GR L 24107; (April, 1979) (Digest)
G.R. No. L-24107. April 30, 1979.
MELITONA VDA. DE ARCEO, et al., plaintiffs-appellants, vs. LAURO L. GO and JACINTA S. GO, defendants-appellees.
FACTS
On July 6, 1944, Eusebio Arceo sold two contiguous residential parcels of land in Mogpog, Marinduque, to Jacinta S. Go under a deed of sale with a right to repurchase within one year. The Go spouses immediately took possession, secured a tax declaration, and later obtained a Torrens title for a portion of the property. Over the years, they mortgaged and sold parts of the land to third parties. In a prior partition case (Civil Case No. 654) involving the Arceo estate, the court in 1947 issued an order approving a project of partition but excluded the subject lots due to an intervention filed by the Gos’ counsel. Subsequently, in 1955, in another case (Civil Case No. 903) filed by Pilar Arceo to recover her alleged share, the court upheld the validity of the 1944 pacto de retro sale and declared the Gos as entitled owners.

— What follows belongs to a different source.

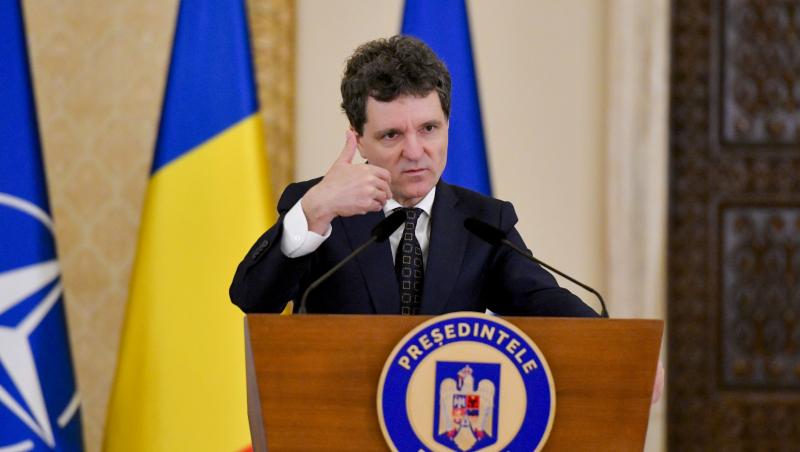 Cum explică Nicușor Dan gafele de protocol. Ce a spus despre viața de la Cotroceni după ce a preluat funcția de președinte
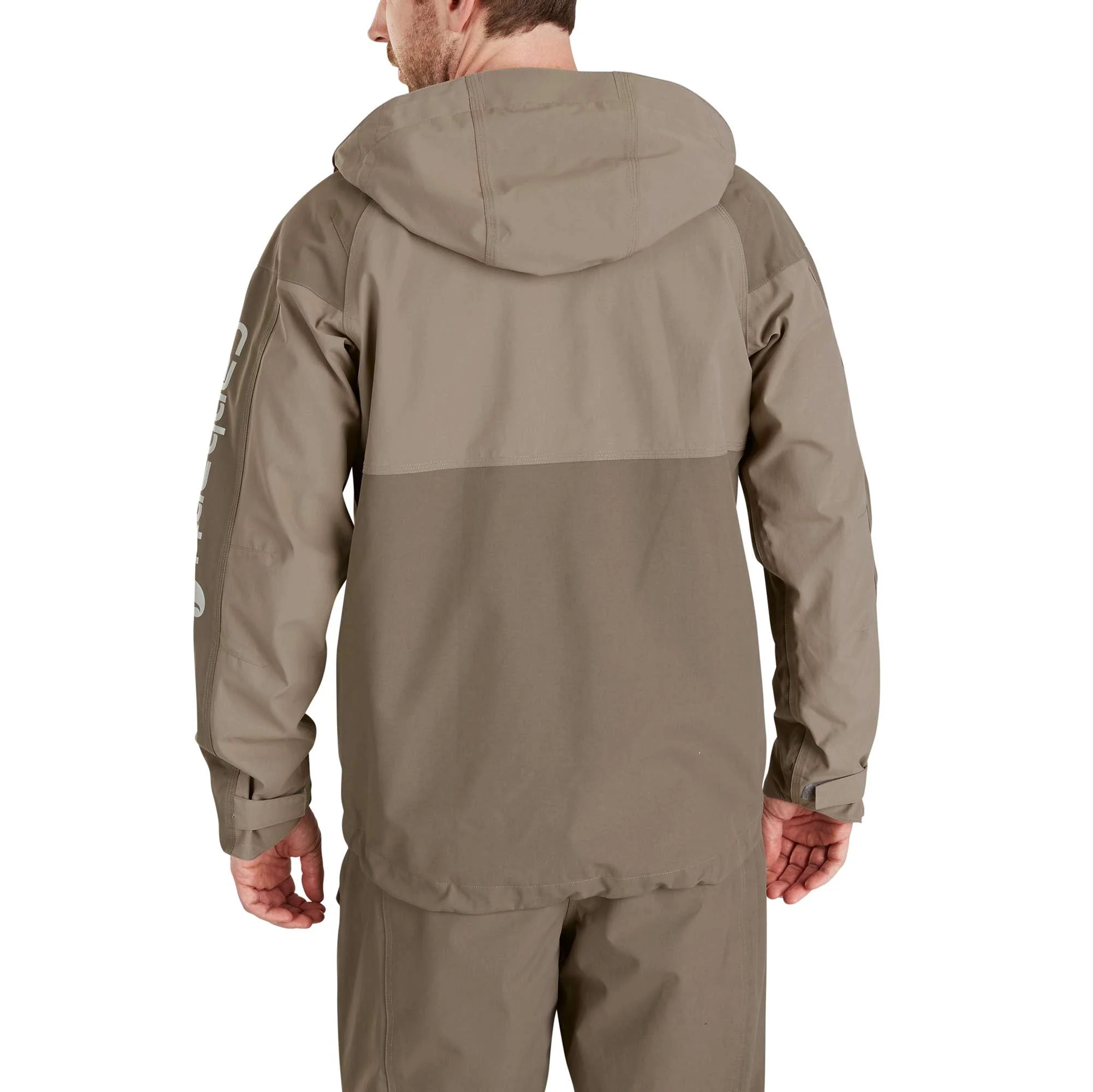Storm Defender® Angler Jacket - Image 2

On February 18, 1964, the heirs of Eusebio Arceo filed the present complaint (Civil Case No. 1290) against the Gos. They sought reconveyance of the property, alleging that the 1944 contract was an equitable mortgage and that they were entitled to redeem it. The defendants moved to dismiss the complaint on grounds including prescription and bar by prior judgment. The trial court granted the motion to dismiss, and the plaintiffs’ motion for reconsideration was denied, prompting this appeal.
ISSUE
Whether the action for judicial declaration that the contract is an equitable mortgage and for reconveyance has prescribed.
RULING
Yes, the action has prescribed. The Supreme Court affirmed the trial court’s dismissal. The contract in question was executed on July 6, 1944. The appellants’ cause of action, which seeks to recharacterize the pacto de retro sale as an equitable mortgage and to recover the land, is subject to prescription. Citing the precedent in Fernandez vs. Fernandez, the Court ruled that the right to question the nature of such a transaction, as well as any action to recover the land, prescribes ten years after the vendor’s right to repurchase is extinguished and ownership is consolidated in the vendee. In this case, the one-year redemption period expired in 1945. The Gos’ ownership was effectively consolidated thereafter, and any impugnment of the contract’s nature should have been made within ten years from that consolidation. The filing of the complaint in 1964, nearly twenty years after the execution of the deed, was clearly beyond the prescriptive period. The defense of prescription is a valid ground for dismissal, rendering a discussion on the ground of res judicata unnecessary. The judgment was affirmed with costs against the appellants.